Do you own a business? Have you used borrowed money for funding the enterprise? If you're considering refinancing any commercial mortgage that you may have, a number of factors should be considered to ensure that you're making the best decision for your operation. You'll need to sufficiently answer the following questions:

  • Will you be able to get extra cash? If yours is like most businesses, you always have a need for extra cash, whether it's for renovating, additional inventory, expansion or some other expense. If you can get extra operating capital from a commercial mortgage refinance, it may be very beneficial to you and your company.
  • Will there be limitations on how I use the cash? Make sure you check with your lending institution to find out if there are any restrictions dictating how the funds must be spent.
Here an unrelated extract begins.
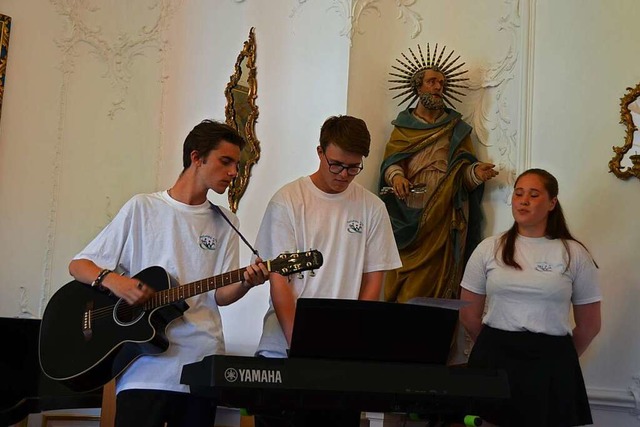 Musikalische Begleitung des Trios aus Lancing beim Jubilumsempfang  | Foto: Felix Lieschke-Salunkhe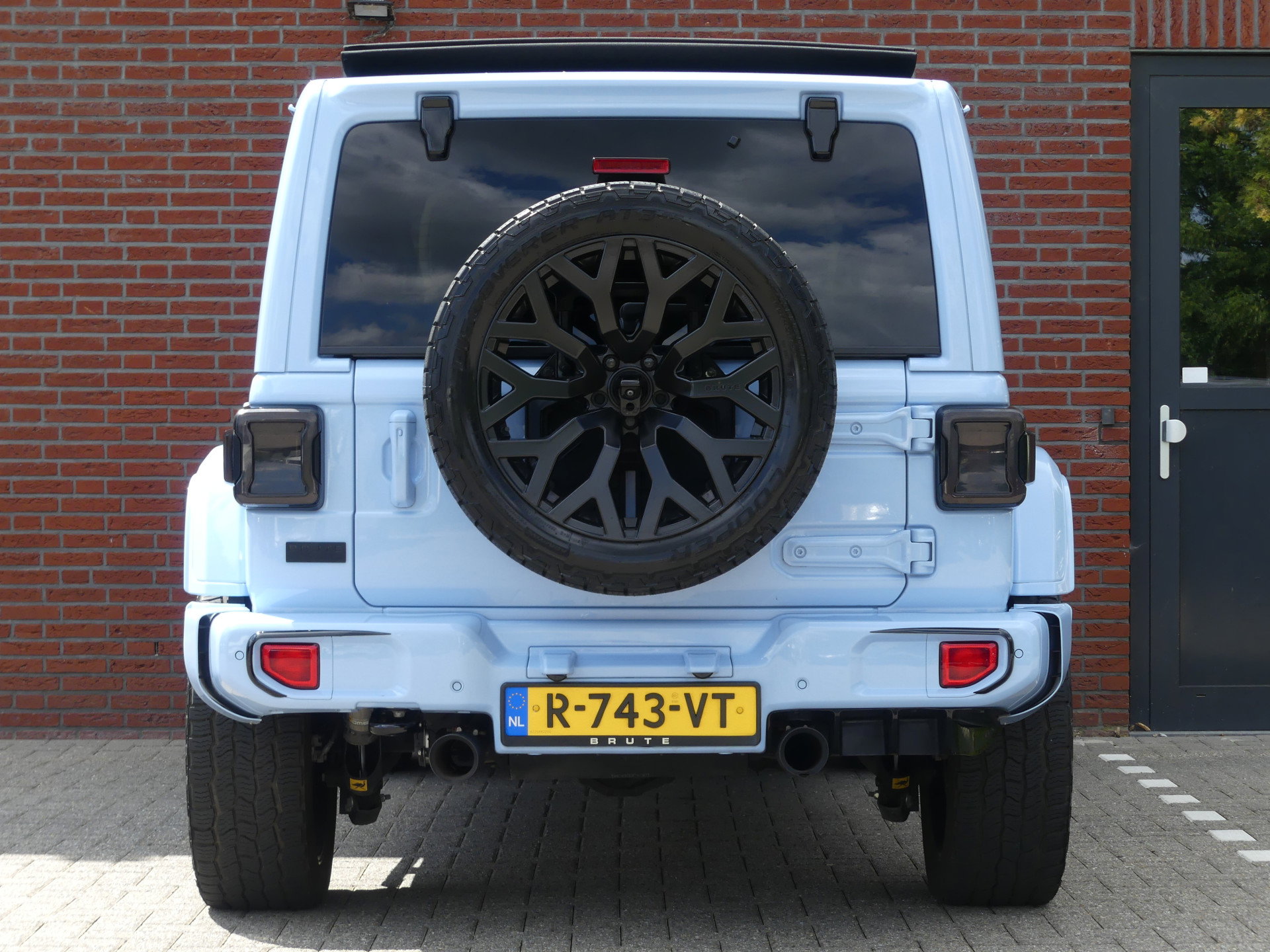 21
Some lending institutions set limitations, whereas others may adopt the opinion that it's your business and your money (though you, of course, must pay it back) to be spent however you see fit.
  • Will my interest rate and/or payment be lower with a refinance? Many people refinance their commercial mortgage loan with the sole intention of reducing their monthly payment or taking advantage of lower interest rates. If you can do this with a refinance, you'll likely be making a wise choice. If you want lower payments, you can request the loan be extended for a longer term than the original loan.
  • Will there be a balloon payment? Although there may be a handful of people that that don't mind balloon payments, most business owners prefer to have their commercial loan amortized over a certain period without having to worry about refinancing every 36 months – or whenever the balloon payment comes due. Balloon mortgages can be beneficial if market rates are high or your credit bad when you first sign the agreement, but they can be quite dangerous and should only be used with the utmost care.
  • Are there any options available for commercial refinancing if I (and/or the business) have bad credit? You'll find that most banks and lending institutions today have options for bad credit borrowers. Your interest rate may be a bit higher than normal, but most lenders will work with individuals with bad credit as long as good collateral is available.
  • What will my out-of-pocket expenses be? You can expect to pay closing expenses that may include an appraisal, title insurance (if property is involved), points, loan documentation fees and other costs. If you don't take out extra cash, your outlay may be minimal, but when cash is taken back it's generally treated as a new loan rather than a refinance.
  • Will there be a requirement for monthly or annual reporting? Some banks do require this type of reporting, and if you fail to comply you'll be in default of your loan agreement.
  • What are the 'Loan-to-Value' Limits? Depending on the lender and program, the loan-to-value limits may be as low as 50% or as high as 97%.
  • What will the borrowing limit be? The borrowing limits for commercial mortgage refinancing are usually lower than those of outright commercial purchases, typically in the $1- to $1.5 million range.